Transformer Model for Data Extraction from Symptomatic Patients’ Histories
GastroGPT, a transformer-based natural language processing model, was developed to extract relevant data points from the histories of symptomatic patients presenting to an outpatient gastroenterology clinic. The model architecture was based on the BERT (Bidirectional Encoder Representations from Transformers) model, which has demonstrated state-of-the-art performance in various natural language processing tasks [
19]. GastroGPT was pre-trained on a large corpus of medical literature, including textbooks, guidelines, and research articles, to acquire a comprehensive understanding of medical terminology and context.
- 3.
Decision Tree-Based Model for CRC Risk Assessment and Colonoscopy Recommendation
A gradient boosting decision tree model, XGBoost, was employed to assess the risk of CRC based on the data points extracted by GastroGPT from symptomatic patients’ histories. The model was trained using the data points extracted from 700 simulated patient cases in the training dataset. The features used for training included age, gender, BMI, family history of CRC, presence of rectal bleeding, weight loss, change in bowel habits, abdominal pain, anemia, low ferritin and low albumin (
Table 1).
2.3. GastroGPT for Data Extraction from Early CRC Patients’ Histories
For patients diagnosed with early-stage CRC (stage II or III), GastroGPT was applied to extract relevant data points from their medical histories. The model architecture and pre-training process were similar to that used for symptomatic patients. However, the dataset consisted of actual histories of patients diagnosed with early-stage CRC, annotated by the panel of gastroenterologists to highlight relevant prognostic factors, such as tumor location, histological grade, presence of lympho-vascular invasion, and microsatellite instability status.
- 4.
Decision Tree-Based Models for Prognosis and Treatment Response Prediction
A suite of decision tree-based models, including XGBoost, LGBoost, Deep Surv, and DeepHit, was developed to predict prognosis and treatment response in early-stage CRC patients. These models were trained using the data points extracted by GastroGPT from the 500 simulated early-stage CRC patient cases in the training dataset. The features used for training included age, gender, BMI, tumor location, tumor size, histological grade, depth of invasion, number of lymph nodes involved, presence of lympho-vascular invasion, microsatellite instability status, and any relevant laboratory findings, such as carcinoembryonic antigen (CEA) levels.

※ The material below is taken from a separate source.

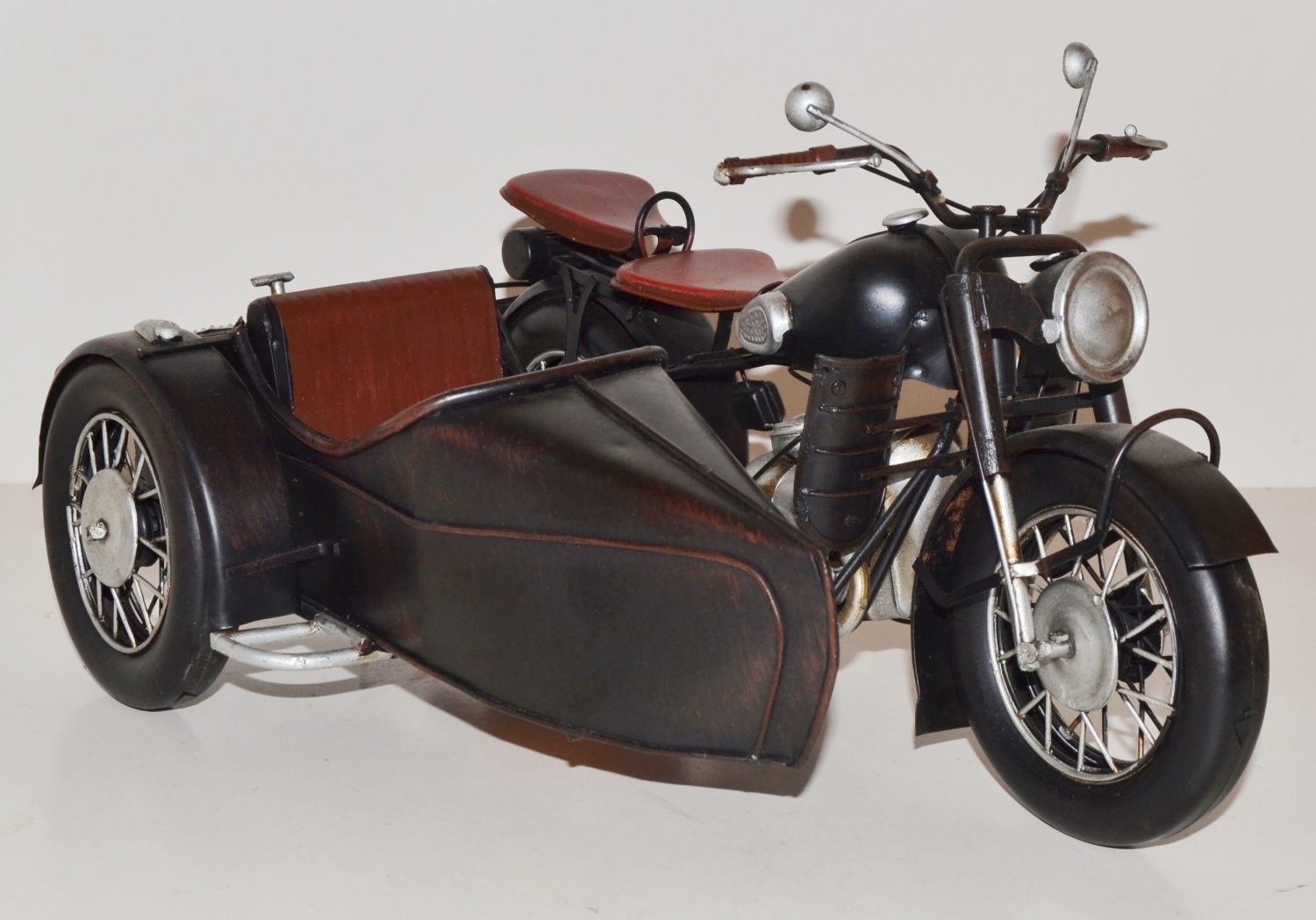 Blechmotorrad Nostalgie Modellauto Oldtimer Marke BMW Motorrad mit Beiwagen aus Blech L 31 cm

2.4. Data Collection and Preprocessing
The study utilized data from a cohort of patients diagnosed with stage II and III CRC at our institution between January 2010 and December 2020. The electronic health records of these patients were retrospectively reviewed to extract relevant clinical information. A standardized data collection template was followed to ensure consistency in data structure and granularity across all patient cases.
The initial dataset consisted of 1253 patients with biopsy-proven CRC. After applying the inclusion and exclusion criteria, a total of 130 patient cases were included in the final dataset. The collected data were preprocessed to ensure data quality and consistency, including data cleaning, normalization, and encoding.
2.5. Evaluation of the Models’ Performance
The performance of the GastroGPT model in extracting relevant data points from patient histories was evaluated using precision, recall, and F1-score metrics. The extracted data points were compared against the annotations provided by the panel of gastroenterologists, serving as the ground truth. The performance of the XGBoost model for CRC risk assessment and colonoscopy recommendation was evaluated using the area under the receiver operating characteristic curve (AUROC), sensitivity, specificity, positive predictive value (PPV), and negative predictive value (NPV). The performance of the decision tree-based models for prognosis and treatment response prediction was evaluated using the concordance index (C-index), time-dependent area under the receiver operating characteristic curve (TD-AUROC), and calibration plots.
Descriptive statistics were used to summarize the characteristics of the simulated patient cases. The 95% confidence intervals for the performance metrics were calculated using bootstrapping with 1000 replicates. The statistical significance of the differences in performance between the developed models and the current standard of care was assessed using paired t-tests for continuous metrics and McNemar’s test for categorical metrics. Subgroup analyses were performed to evaluate the models’ performance across different case complexities, symptom frequencies, and disease stages.
3. Results
3.1. Study Population
A total of 1253 patients with biopsy-proven CRC were initially identified from our institutional database, spanning January 2010 to December 2020. Of these, 345 were excluded for having Stage I disease, and 228 were excluded for Stage IV disease. Additionally, 367 patients were excluded due to incomplete or missing records, and 183 had insufficient biopsy documentation. After these exclusions, 130 patients met all criteria—Stage II or III CRC with comprehensive baseline data and adequate follow-up—and were thus included in our final analyses (
Figure 2,
Table 2). Of these, 64 (49.2%) had stage II disease and 66 (50.8%) had stage III disease. The mean age was 60.5 years, with 69 patients (53.3%) aged 65 or older. Females comprised the majority of the cohort (63.3%), while 18.3% of all patients reported ongoing aspirin use. Tumor staging indicated that T3 lesions were most common (64.2%), followed by T4 (30.0%), and T1/T2 were seldomly observed (each 0.8%). Right-sided tumors accounted for 41.7% of cases, left-sided for 50.8%, and the remaining tumors were distributed across the cecum, hepatic flexure, transverse, splenic flexure, descending, sigmoid, and rectosigmoid regions.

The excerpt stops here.